The ICMP protocol (which must always be viewed in conjunction with IPv4) enables you to test whether a data packet reaches an end system (host) and whether it is acknowledged. A detailed description of ICMP is provided in RFC 792.
Please note the following two special features in the format of the protocol and of the data:
The ICMP header checksum must be generated by the application.
The socket’s port number is expected as the identifier. Before sending the message, you should therefore execute a bind() on the raw socket.
Before you call the bind() function to reserve a port, you must enable the delivery of possible ICMP error messages for this socket (see section "getsockopt(), setsockopt() - get and set socket options"):
setsockopt(...,IPPROTO_IPV4, IP_RECVERR,...,...)

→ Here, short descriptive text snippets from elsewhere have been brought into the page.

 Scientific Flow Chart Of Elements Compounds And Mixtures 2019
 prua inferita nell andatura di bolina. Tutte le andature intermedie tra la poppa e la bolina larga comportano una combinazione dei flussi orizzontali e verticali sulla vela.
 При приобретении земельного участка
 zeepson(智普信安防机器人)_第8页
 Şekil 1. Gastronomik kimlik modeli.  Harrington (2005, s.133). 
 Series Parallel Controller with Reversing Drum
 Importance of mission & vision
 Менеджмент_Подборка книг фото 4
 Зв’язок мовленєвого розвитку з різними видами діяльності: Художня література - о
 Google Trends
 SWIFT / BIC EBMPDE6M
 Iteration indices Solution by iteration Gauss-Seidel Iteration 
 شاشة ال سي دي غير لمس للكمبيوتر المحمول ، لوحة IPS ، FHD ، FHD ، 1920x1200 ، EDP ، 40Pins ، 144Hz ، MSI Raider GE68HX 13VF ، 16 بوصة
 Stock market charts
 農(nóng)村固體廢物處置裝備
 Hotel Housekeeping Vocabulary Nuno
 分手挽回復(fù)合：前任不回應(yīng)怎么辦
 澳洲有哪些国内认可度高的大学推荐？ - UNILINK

The ICMP header is four bytes long. The length of the following data is variable. The following applies for the ECHO-REQUEST and ECHO-REPLY types: The first word contains the identifier (port number) and the sequence number. The next two words contain a timestamp. The time is contained in seconds in the first word and in microseconds in the second word:
00 | Type | Code | Checksum |
04 | Identifier | Sequence# | |
08 | Data (Timestamp struct timeval/tv_s) | ||
0C | Data (Timestamp struct timeval/tv_us) | ||
10 | Data (Testpattern) | ||
14 | Data (Testpattern) |
The associated IPv4 header is generated by the transport system. However, the application has the option of determining the hop limit. For this purpose you must set the raw socket appropriately before you send the data packet (ICMP message).
To set the hop limit specifically, use the function setsockopt(..., IPPROTO_ICMP, IP_TTL,...,...) (see section "getsockopt(), setsockopt() - get and set socket options").
The ICMP echo request message is sent using sendmsg(). The end system’s response is received as an ICMP echo reply message using recvmsg().